CNS Nutrient Sensing
In addition to processing input from hormones, the hypothalamus senses nutrients to initiate metabolic responses to regulate energy (28, 29, 61, 76, 85, 123) and nutrient (62, 63, 85) homeostasis. Proposing a role of “nutrient sensing,” i.e., the acute accumulation of nutrients, per se in the regulation of homeostasis was not a recent development. In fact over 50 years ago, the glucostatic (71) and lipostatic (55) hypotheses proposed that circulating nutrients generated in proportionate amounts to storage depots serve as signals to the brain to initiate alterations in energy intake and expenditure. However, only recently has the notion of direct hypothalamic nutrient sensing become a thoroughly demonstrated and credible means of controlling glucose homeostasis.

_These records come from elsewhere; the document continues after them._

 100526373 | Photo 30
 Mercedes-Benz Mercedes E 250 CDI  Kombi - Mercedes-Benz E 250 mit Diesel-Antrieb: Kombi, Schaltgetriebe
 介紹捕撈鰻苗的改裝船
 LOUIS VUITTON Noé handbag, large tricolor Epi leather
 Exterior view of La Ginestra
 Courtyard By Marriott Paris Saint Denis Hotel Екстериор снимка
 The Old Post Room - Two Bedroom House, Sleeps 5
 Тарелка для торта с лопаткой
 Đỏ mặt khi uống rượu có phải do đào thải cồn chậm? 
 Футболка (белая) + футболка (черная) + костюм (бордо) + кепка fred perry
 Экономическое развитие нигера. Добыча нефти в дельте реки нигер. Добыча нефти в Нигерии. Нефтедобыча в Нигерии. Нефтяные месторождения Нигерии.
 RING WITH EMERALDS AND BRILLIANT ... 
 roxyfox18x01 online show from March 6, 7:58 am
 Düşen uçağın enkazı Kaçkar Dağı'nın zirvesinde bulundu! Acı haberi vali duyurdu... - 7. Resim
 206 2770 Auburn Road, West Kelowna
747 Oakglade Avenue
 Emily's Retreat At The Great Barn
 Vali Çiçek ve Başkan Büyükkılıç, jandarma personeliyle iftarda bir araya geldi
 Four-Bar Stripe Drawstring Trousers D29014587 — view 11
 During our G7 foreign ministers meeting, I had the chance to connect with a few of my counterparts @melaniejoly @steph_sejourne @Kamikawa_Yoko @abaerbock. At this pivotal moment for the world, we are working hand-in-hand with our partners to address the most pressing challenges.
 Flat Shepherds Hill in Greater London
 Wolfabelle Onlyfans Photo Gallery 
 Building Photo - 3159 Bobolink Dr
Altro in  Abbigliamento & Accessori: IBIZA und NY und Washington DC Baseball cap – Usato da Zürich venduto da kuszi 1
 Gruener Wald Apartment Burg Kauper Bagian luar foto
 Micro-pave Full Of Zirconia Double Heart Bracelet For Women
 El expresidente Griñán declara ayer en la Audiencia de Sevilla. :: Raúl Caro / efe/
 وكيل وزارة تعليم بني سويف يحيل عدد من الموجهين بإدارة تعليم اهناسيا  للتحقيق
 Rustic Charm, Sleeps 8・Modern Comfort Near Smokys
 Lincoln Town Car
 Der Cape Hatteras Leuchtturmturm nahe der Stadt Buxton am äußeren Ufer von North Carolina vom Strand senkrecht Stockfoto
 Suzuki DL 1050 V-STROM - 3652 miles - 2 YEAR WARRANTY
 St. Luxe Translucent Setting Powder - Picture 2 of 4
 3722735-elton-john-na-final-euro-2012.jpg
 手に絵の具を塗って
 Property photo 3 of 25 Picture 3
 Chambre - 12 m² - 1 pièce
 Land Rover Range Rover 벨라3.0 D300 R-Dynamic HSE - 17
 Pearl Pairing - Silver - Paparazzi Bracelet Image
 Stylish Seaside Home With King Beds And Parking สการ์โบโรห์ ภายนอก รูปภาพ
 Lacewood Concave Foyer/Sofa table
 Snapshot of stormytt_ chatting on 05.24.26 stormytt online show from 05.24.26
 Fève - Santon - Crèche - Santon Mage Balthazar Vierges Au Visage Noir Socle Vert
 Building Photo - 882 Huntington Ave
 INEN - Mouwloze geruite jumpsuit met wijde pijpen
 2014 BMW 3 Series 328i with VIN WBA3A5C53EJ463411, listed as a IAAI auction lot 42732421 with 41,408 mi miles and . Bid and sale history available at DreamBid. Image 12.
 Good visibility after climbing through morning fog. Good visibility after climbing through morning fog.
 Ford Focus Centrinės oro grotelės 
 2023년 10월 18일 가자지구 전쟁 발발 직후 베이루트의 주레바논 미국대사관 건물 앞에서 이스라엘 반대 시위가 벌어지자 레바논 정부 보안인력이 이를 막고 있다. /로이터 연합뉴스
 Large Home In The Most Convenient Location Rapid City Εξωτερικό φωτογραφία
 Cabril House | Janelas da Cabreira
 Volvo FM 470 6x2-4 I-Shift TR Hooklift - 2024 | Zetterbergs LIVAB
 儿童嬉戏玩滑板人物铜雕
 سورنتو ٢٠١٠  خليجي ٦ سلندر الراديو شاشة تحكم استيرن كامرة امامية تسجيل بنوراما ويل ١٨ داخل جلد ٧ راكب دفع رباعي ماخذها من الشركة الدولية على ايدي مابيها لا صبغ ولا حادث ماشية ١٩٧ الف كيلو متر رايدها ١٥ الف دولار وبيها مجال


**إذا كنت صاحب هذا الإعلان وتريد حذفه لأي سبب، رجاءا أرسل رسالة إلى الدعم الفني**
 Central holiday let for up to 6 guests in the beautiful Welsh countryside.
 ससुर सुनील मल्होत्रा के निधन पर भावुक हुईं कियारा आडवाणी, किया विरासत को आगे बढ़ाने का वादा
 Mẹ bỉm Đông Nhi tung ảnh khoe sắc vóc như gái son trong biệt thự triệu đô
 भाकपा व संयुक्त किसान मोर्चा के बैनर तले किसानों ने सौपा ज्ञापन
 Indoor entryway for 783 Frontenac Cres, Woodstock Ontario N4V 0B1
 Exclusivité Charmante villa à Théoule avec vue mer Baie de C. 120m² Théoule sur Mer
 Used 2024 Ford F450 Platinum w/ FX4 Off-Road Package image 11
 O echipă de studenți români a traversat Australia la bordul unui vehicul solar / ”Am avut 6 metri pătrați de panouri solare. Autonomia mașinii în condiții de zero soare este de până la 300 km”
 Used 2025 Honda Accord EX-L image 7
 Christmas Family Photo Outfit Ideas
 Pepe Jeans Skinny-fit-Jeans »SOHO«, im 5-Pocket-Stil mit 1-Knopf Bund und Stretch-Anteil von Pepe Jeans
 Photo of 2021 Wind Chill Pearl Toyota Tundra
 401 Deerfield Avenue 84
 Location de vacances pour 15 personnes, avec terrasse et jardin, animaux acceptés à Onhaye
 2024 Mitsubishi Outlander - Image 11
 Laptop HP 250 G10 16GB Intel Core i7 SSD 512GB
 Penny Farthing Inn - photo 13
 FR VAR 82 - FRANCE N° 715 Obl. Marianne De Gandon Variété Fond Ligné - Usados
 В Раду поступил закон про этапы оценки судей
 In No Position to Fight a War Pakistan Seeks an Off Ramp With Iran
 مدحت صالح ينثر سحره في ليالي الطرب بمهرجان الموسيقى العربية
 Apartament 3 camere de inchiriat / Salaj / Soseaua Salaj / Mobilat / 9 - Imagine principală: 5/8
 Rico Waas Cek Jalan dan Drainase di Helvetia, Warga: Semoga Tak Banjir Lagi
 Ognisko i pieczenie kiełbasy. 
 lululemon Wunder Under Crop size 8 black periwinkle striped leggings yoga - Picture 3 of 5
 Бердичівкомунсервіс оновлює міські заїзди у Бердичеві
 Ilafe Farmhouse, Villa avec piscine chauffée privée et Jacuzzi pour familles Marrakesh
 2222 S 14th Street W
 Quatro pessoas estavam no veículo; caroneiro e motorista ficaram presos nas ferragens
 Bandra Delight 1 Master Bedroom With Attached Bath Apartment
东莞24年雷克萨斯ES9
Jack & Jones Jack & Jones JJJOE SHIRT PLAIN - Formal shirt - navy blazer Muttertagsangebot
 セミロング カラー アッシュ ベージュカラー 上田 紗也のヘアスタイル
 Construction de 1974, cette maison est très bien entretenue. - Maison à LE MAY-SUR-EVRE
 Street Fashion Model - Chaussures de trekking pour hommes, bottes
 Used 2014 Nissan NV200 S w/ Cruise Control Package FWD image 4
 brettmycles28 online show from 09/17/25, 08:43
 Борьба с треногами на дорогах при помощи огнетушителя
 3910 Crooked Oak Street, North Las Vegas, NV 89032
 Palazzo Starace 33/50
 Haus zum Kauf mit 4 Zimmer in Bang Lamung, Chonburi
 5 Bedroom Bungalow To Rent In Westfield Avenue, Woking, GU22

An important source of energy for the majority of mammalian cell types, glucose is particularly vital for the brain where it is essentially the sole substrate for energy metabolism. The discovery of glucose-sensing neurons within satiety and feeding centers of the hypothalamus (4, 89) hinted at potential physiological roles of central glucose utilization (65) beyond serving as a fuel. Indeed, since those seminal studies, central glucose sensing/metabolism has been established to be an essential component in the regulation of feeding (12, 29, 77) and the hypoglycemic counterregulatory response (14, 16). Recent work has also suggested a direct link between central glucose sensing and the regulation of peripheral glucose levels.
Specifically, an acute increase in central glucose resulted in a decrease in blood glucose and insulin levels, and a suppression of hepatic glucose production; this occurred via a curtailing of both gluconeogenesis and glycogenolysis (63). The metabolic fate of brain glucose has been largely clarified by the proposal of the astrocyte-neuron lactate shuttle (96), which is supported by observations that neuronal activity is coupled to glucose utilization (54, 95, 105, 120) and that neurons preferentially utilize glial glucose-derived lactate as an oxidative fuel (69). Indeed, the infusion of icv lactate was able to recapitulate the effects of central glucose on blood glucose levels and hepatic glucose production (63). However, the effects of both icv lactate and glucose were nullified when they were co-infused with oxamate, an inhibitor of lactate dehydrogenase (LDH) activity (63). Since oxamate is an inhibitor of the preferentially lactate-generating LDH-A [the muscle isoform that, within the brain, is expressed exclusively in the glial cells (13)] and the preferentially pyruvate-generating downstream LDH-B [the heart isoform, and the only isoform found in neurons (13)] (17), this finding suggests that metabolism of glucose to lactate and subsequently pyruvate in the hypothalamus is an essential biochemical step in the regulation of glucose homeostasis (FIGURE 2⇓). Furthering this notion is the suppression of glucose production resulting from the hypothalamic administration of dichloroacetate (DCA) (63), which ultimately promotes the conversion of pyruvate to acetyl-CoA via the inhibition of pyruvate dehydrogenase (PDH) kinase, in turn activating PDH (50).
The importance of this metabolic coupling between neurons and glia via the generation and intracellular trafficking of lactate in the CNS regulation of glucose homeostasis has also been demonstrated in a few other notable studies. Specifically, the perfusion of the ventromedial hypothalamus (VMH) with lactate was sufficient to severely blunt the counterregulatory hormone response to hypoglycemia, with a marked suppression of both glucagon and epinephrine release during a hypoglycemic clamp, a finding also seen when glucose was perfused into the VMH (15). The caudal hindbrain has also been established as a sensor of local glucoprivation which subsequently activates a response to restore glycemia; and in an attempt to uncover the potential metabolic sensors involved, the role of lactate in particular was recently examined (94). Indeed, infusing an inhibitor of monocarboxylate transporters (which lactate transport is dependent on) into the caudal fourth ventricle of rodents resulted in increased blood glucose levels (94). Conversely, an increase in caudal hindbrain lactate worsened insulin-induced peripheral hypoglycemia (94).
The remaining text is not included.